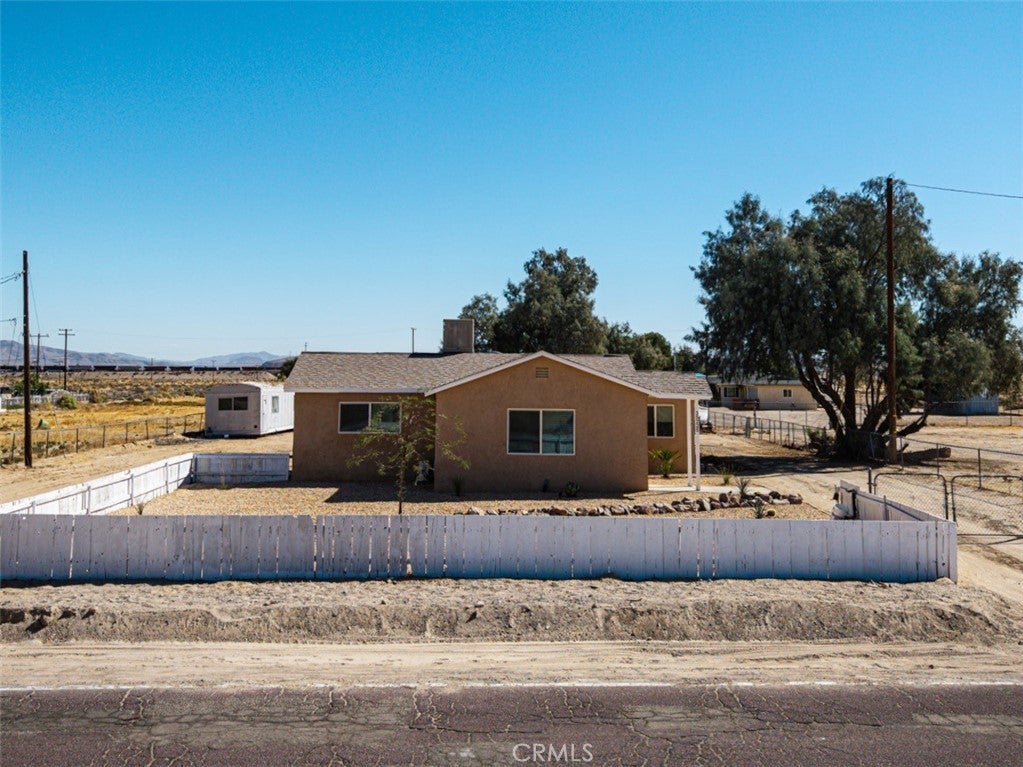 35225 Cedar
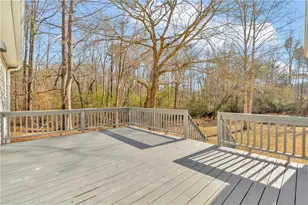 2693 Hwy 101 S, Villa Rica, GA 30180 - Photo 42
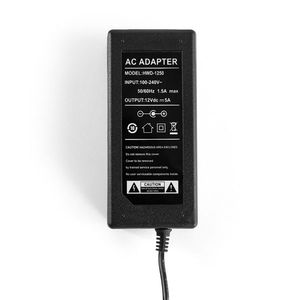 Espositore a LED da 48 Pollici per Bottiglie di Liquori, Montaggio a Parete per Bar Domestici e Commerciali - Product Image 5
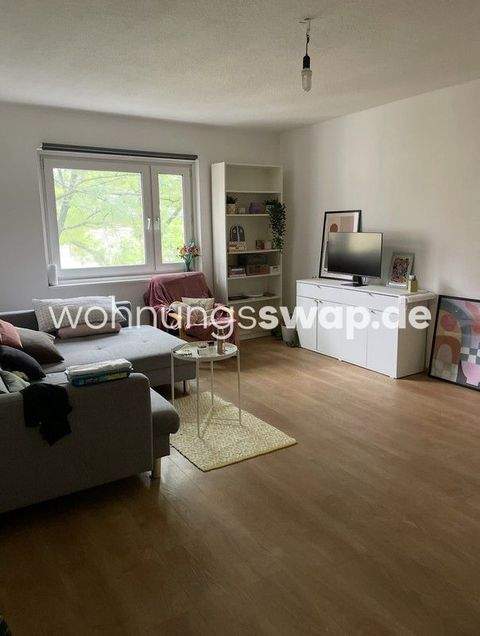 München Wohnungen, München Wohnung mieten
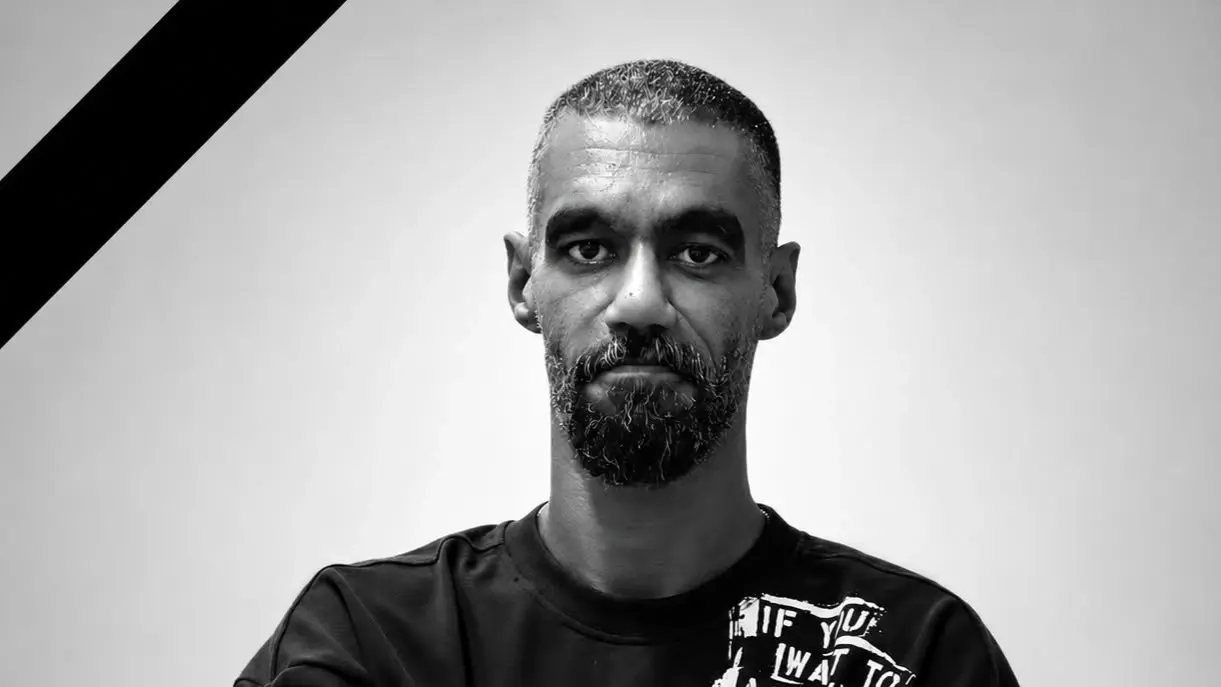 البحث زاد عن سؤال: من هو المخرج محمد سيد الأهل وما سبب وفاته؟ البحث زاد عن سؤال: من هو المخرج محمد سيد الأهل وما سبب وفاته؟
---------------
WHAT YOU WILL DO: What is needed is an exact transcription of every entry, minus the pictures.

WRITTEN REPLY:
 35225 Cedar
 2693 Hwy 101 S, Villa Rica, GA 30180 - Photo 42
 Espositore a LED da 48 Pollici per Bottiglie di Liquori, Montaggio a Parete per Bar Domestici e Commerciali - Product Image 5
 München Wohnungen, München Wohnung mieten
 البحث زاد عن سؤال: من هو المخرج محمد سيد الأهل وما سبب وفاته؟ البحث زاد عن سؤال: من هو المخرج محمد سيد الأهل وما سبب وفاته؟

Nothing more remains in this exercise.